CHICAGO, July 5, 2026, 08:04 (CDT)
- American plans to bring back its Chicago to Tokyo Narita daily flights on March 27, 2027, offering 51 business and 51 premium-economy seats per direction.
- United adds a Chicago-Narita route in October, bringing 49 premium seats. That puts 100 new premium seats per day each way for U.S. carriers on this airport pair.
- For investors, it’s all about yield: American is jumping into the busy Chicago-Tokyo route but still has fewer Asia seats than Delta and United.
American Airlines Group NASDAQ:AAL is returning a long-haul aircraft to Asia via Chicago, but the move is limited. It’s running just one daily flight to Tokyo-Narita, with Japan Airlines TYO:9201 expected to handle most connecting traffic beyond Japan.
American Airlines will launch its 11th long-haul route from O’Hare on March 27, 2027, flying to Tokyo using a Boeing Co NYSE:BA 787-9. The jet will have 30 Flagship Business seats and 21 Premium Economy seats. The airline said the schedule is set to coordinate with Japan Airlines for links to Bangkok, Singapore, Taipei, and Ho Chi Minh City. “American is proud to mark a new chapter in travel from Chicago with service to Tokyo,” Chief Executive Robert Isom said. American Airlines Newsroom
Simple Flying reported in a review posted in the past day that American has seven new or resumed long-haul routes planned for this summer, up from the same period in 2025. For investors, the next issue is Narita. American is expanding in Asia, but it’s sticking to a familiar, partner-connected route instead of entering a new Asian destination.
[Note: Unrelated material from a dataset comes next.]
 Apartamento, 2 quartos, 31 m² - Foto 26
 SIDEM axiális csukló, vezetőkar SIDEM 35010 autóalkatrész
United Airlines Holdings NASDAQ:UAL is set to make its move first. Narita Airport said United will launch daily Chicago-Narita flights starting Oct. 25, 2026, using a 787-8 with 28 business seats and 21 premium-economy seats. The new services from both U.S. carriers will bring 100 business and premium-economy seats in each direction each day between Chicago and Narita.
| New U.S.-carrier Chicago-Narita capacity | Start | Aircraft | Business seats | Premium economy seats | Premium seats each way |
|---|---|---|---|---|---|
| American Airlines | March 27, 2027 | 787-9 | 30 | 21 | 51 |
| United Airlines | Oct. 25, 2026 | 787-8 | 28 | 21 | 49 |
| Total | — | — | 58 | 42 | 100 |
Price is the main risk, not just filling seats. Travel Weekly said JAL already runs daily Chicago O’Hare to Narita and O’Hare to Haneda flights. United and ANA Holdings (TYO:9202) unit All Nippon Airways also serve O’Hare-Haneda. ANA also connects O’Hare and Narita, and United will launch O’Hare-Narita in October. If all of these and the new American flight operate, there could be seven daily Chicago-Tokyo nonstops next spring.
| Chicago-Tokyo nonstops by alliance if announced services run | Operators | Daily flights | Tokyo airports |
|---|---|---|---|
| oneworld | American, Japan Airlines | 3 | Narita, Haneda |
| Star Alliance | United, ANA | 4 | Narita, Haneda |
| Total | — | 7 | — |
For investors, this is about whether the route brings in premium yields at O’Hare, not just about boosting the network. American’s advantage isn’t how often it flies. It comes down to whether Chicago feed and JAL’s Narita network can fill the high-fare cabins at decent prices, without heavy discounting, in a market where Star has more seats in the air.
American’s 2026 long-haul network was already more cautious than competitors’ moves into Asia. The airline announced in August 2025 that it would fly six routes to Europe and South America for the 2026 summer, including Prague and Budapest from Philadelphia, and Athens and Zurich from Dallas-Fort Worth. “Customers continue to tell us that Europe is where they want to go each summer,” said Brian Znotins, American’s senior vice president of network and schedule planning. American Airlines Newsroom
| American’s summer 2026 long-haul routes | Service note | Aircraft |
|---|---|---|
| Dallas-Fort Worth to Athens | Seasonal, starts May 21, 2026 | 787-8 |
| Dallas-Fort Worth to Buenos Aires | Service runs May 21 to Aug. 3 | 787-8 |
| Dallas-Fort Worth to Zurich | Seasonal, May 21 through Aug. 4 | 777-200 |
| Miami to Milan | Goes year-round from March 29 | 787-8 |
| Philadelphia to Budapest | Seasonal, starts May 21 | 787-8 |
| Philadelphia to Prague | Seasonal, starts May 21 | 787-8 |
Speaking to The Points Guy last year, Znotins said American isn’t just putting together its old network. “We’re trying not to compare to 2019 anymore,” he said. He mentioned American is watching demand, including aa.com searches for Prague and Budapest. The Points Guy
Asia is more challenging. The Points Guy, using Cirium schedule data, reported that American trails Delta Air Lines NYSE:DAL and United in Asia seat count, serving just four Asian cities at five airports and depending a lot on partners. That’s what makes Narita important: it gives American broader connections without having to copy United’s route map.
U.S. stocks reopen Monday after the July 3 Independence Day holiday. American last closed at $17.92, down 24 cents on the day, putting its market cap near $11.8 billion.